= Grand Central Band =

New Zealand band

The Grand Central Band was a New Zealand-based band formed in 1997 by Chris Melville. The band moved through several different line-ups, and over the years employed and guested around 70 different musicians, and esteemed local celebrities including Nathan Haines, Midge Marsden, Maria Paterson (bassist for Dave Dobbyn/Neil Finn), and Kim Willoughby (from When The Cat's Away). ^{[citation needed]}

The band's regular performance at the Grand Central Bar in Ponsonby, Auckland, extended to 17 years, earning them a reputation as a 'go-to gig' for other musicians and music students.

The Grand Central Band released their first album Cook Street Sessions (Rhythmworks) in 2000, produced by Eddie Rayner, formerly from the iconic kiwi band Split Enz and had favourable writeups. The album sold out. The band then self-produced their second album Brightest Star (Rhythmworks) and again had some great local reviews. They sold out of this album too.

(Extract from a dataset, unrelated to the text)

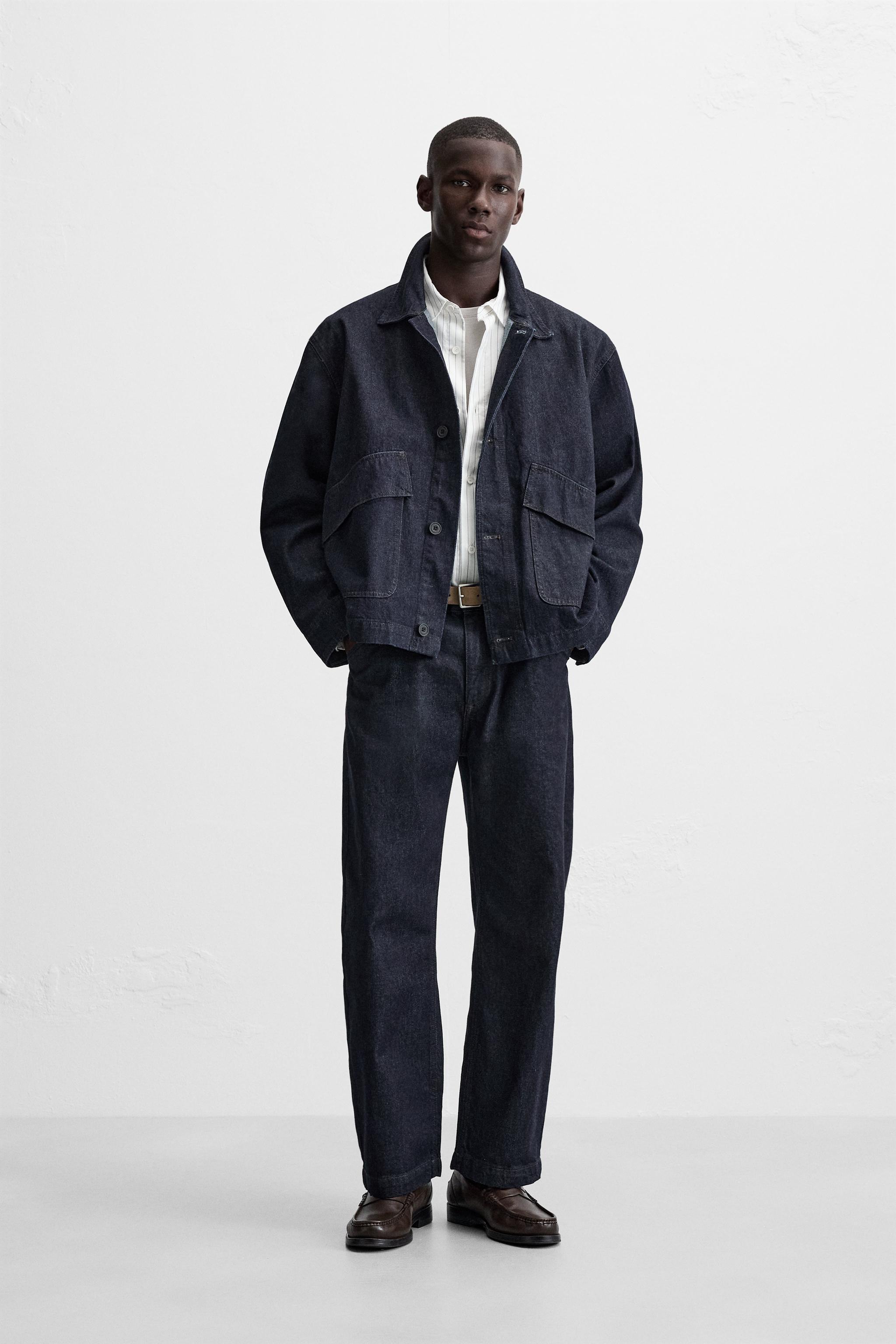 BOXY FIT DENIM JACKET Product Image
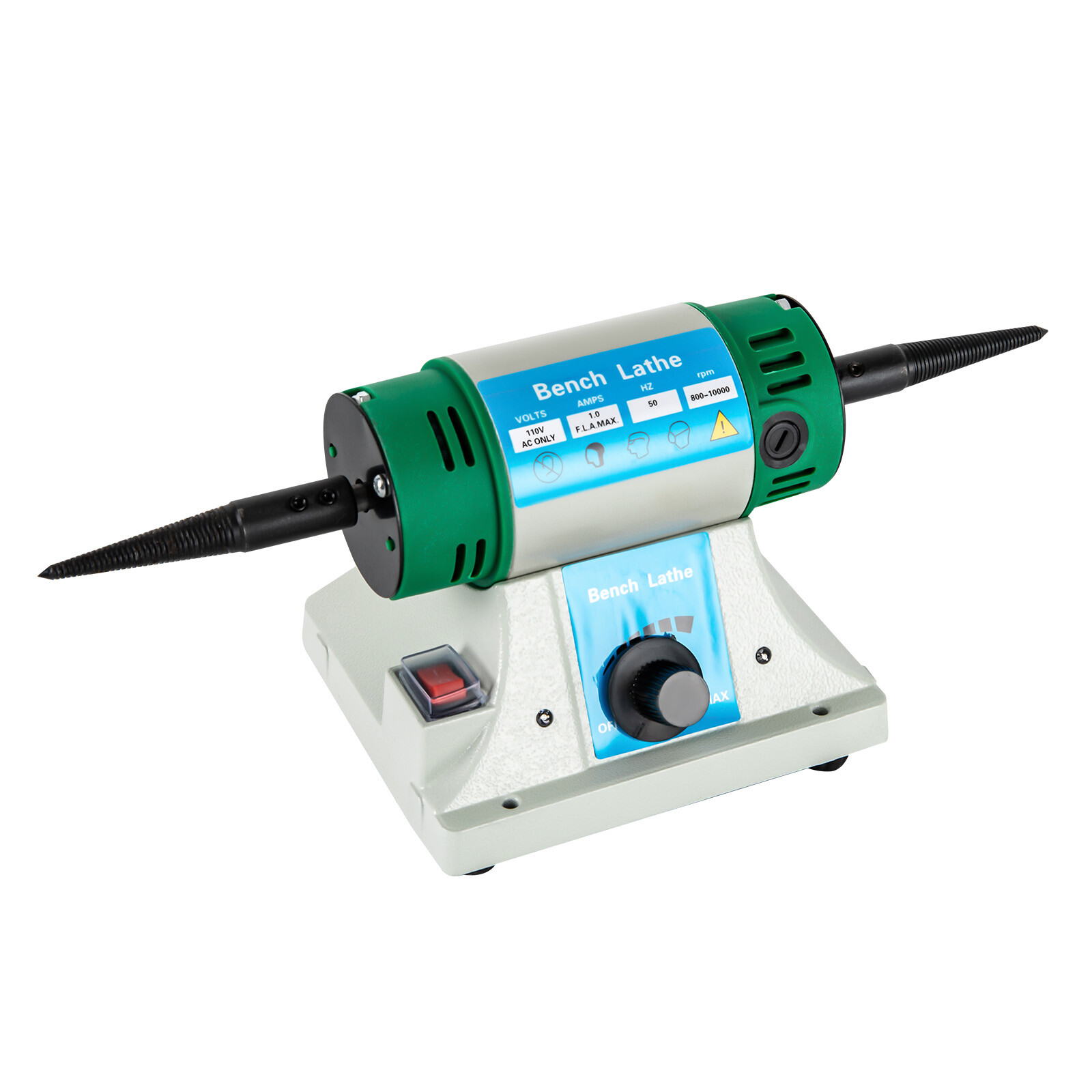 Variable Speed Bench Grinder Jewelry Polisher Polishing Machine Craft Buffing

They were seen in Vanuatu at the inaugural jazz festival in Port Vila.^{[citation needed]}

They disbanded in August 2014.

Their two albums Cook Street Sessions and Brightest Star were made available on streaming services on 27 July 2018.

==Members==
- Chris Melville – vocals
- Alan Brown – Rhodes piano, clavinet and melodica
- Karika "Junior" Turua – bass
- Josh Sorenson – drums
- Dixon Nacey – guitar

The band also allowed a variety of local students and working musicians onstage as part of the 'extended' band.